The entries are to be given back verbatim; no picture is to be copied.

== Given data ==

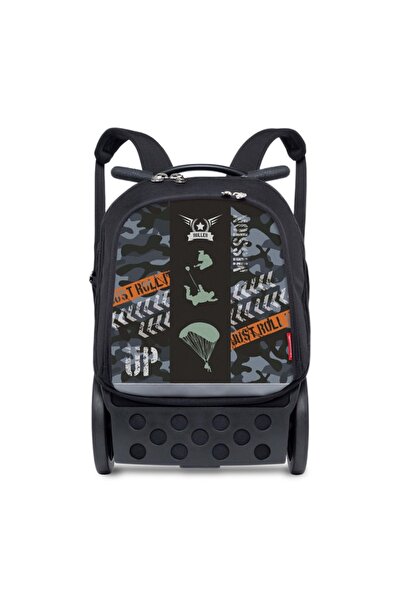 Nikidom Ghiozdan Roller Up XL - Camo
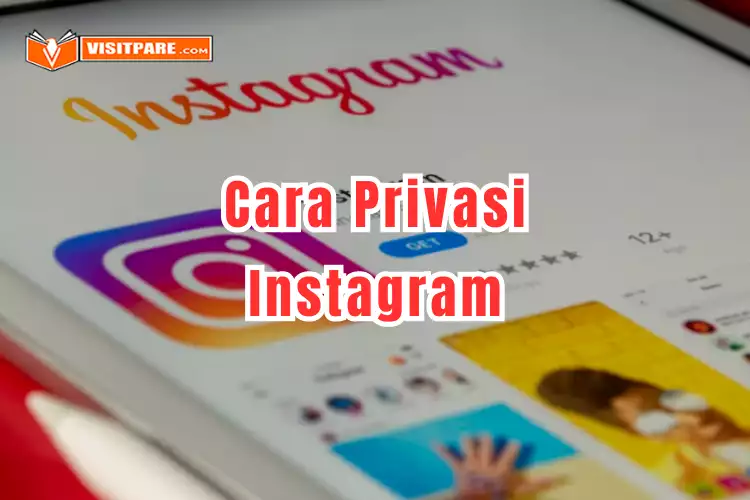 Cara Privasi Instagram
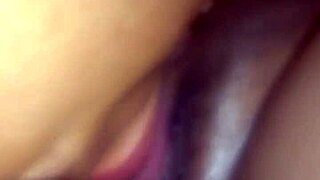 Licking That Ebony Pussy So Good 😋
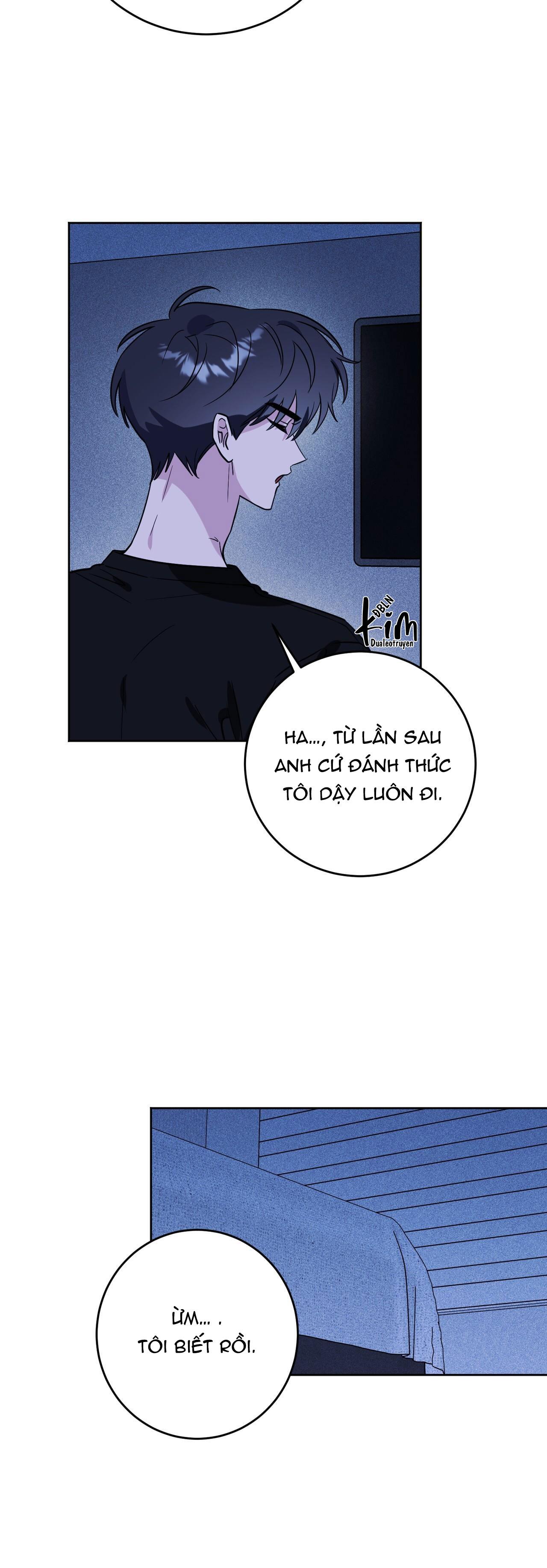 CẠM BẪY ĐẠI HỌC - Chap 73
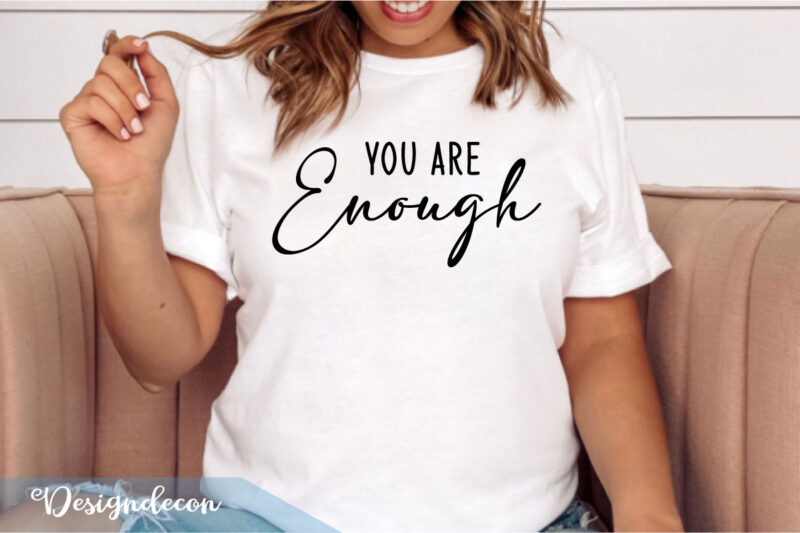 Inspirational Motivational quotes Typography bundle t shirt svg vol.1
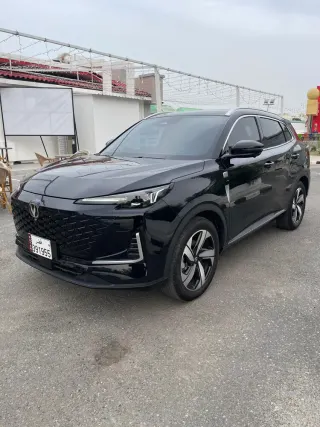 شانجان Uni S 2026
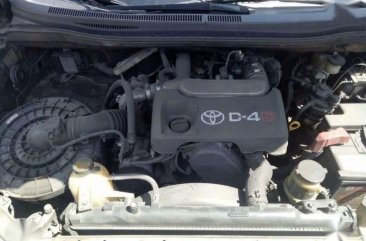 Toyota Innova G Automatic Diesel 2010 For Sale 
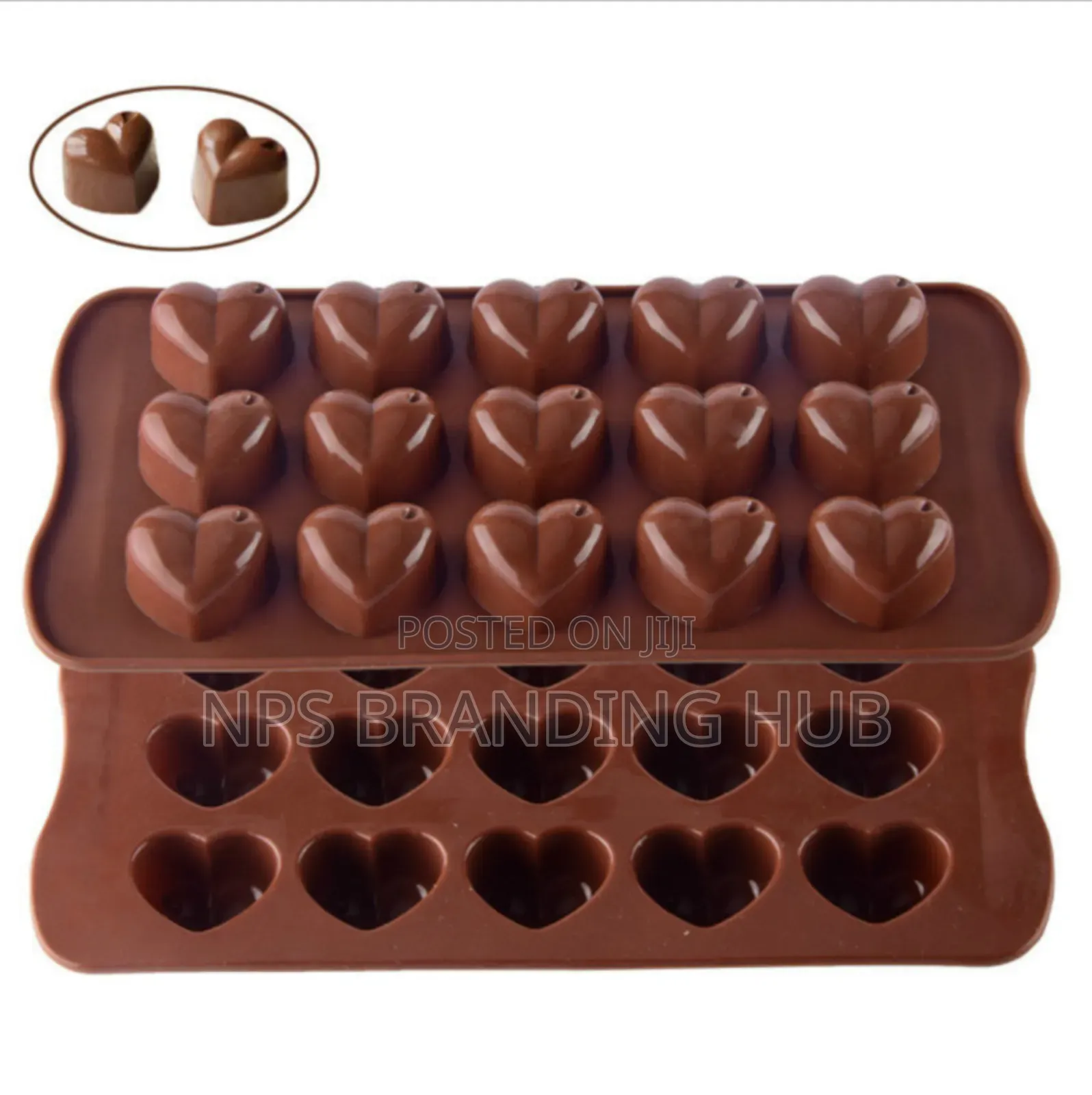 Choc Mold Eh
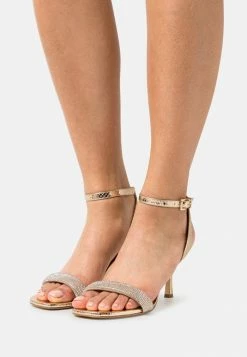 MICHAEL Michael Kors CARRIE - Sandals - Gold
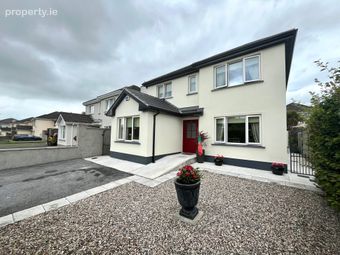 4 Moyvale Park, Ballina, Co. Mayo, Ballina, Co. Mayo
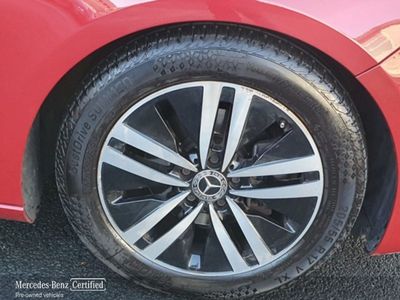 2022 Mercedes-Benz A Class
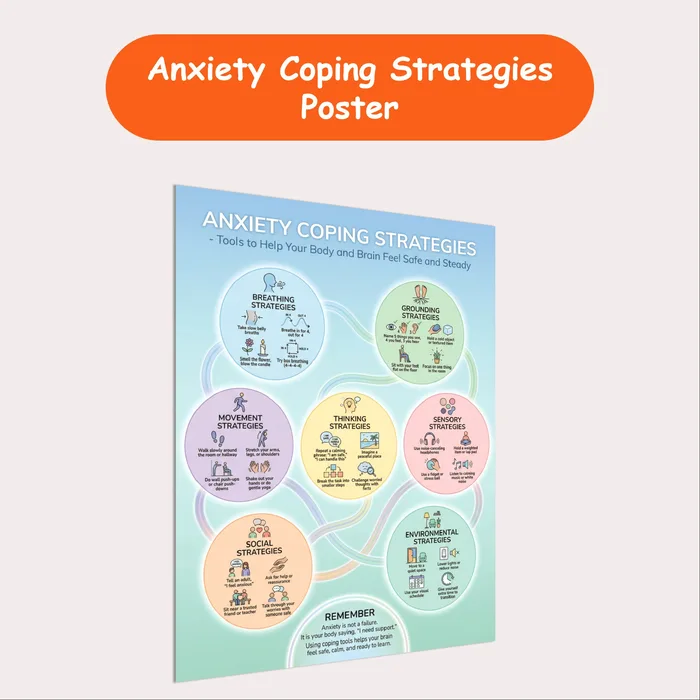 calming tools for anxiety resource cover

===

Answer section:
 Nikidom Ghiozdan Roller Up XL - Camo
 Cara Privasi Instagram
 Licking That Ebony Pussy So Good 😋
 CẠM BẪY ĐẠI HỌC - Chap 73
 Inspirational Motivational quotes Typography bundle t shirt svg vol.1
 شانجان Uni S 2026
 Toyota Innova G Automatic Diesel 2010 For Sale 
 Choc Mold Eh
 MICHAEL Michael Kors CARRIE - Sandals - Gold
 4 Moyvale Park, Ballina, Co. Mayo, Ballina, Co. Mayo
 2022 Mercedes-Benz A Class
 calming tools for anxiety resource cover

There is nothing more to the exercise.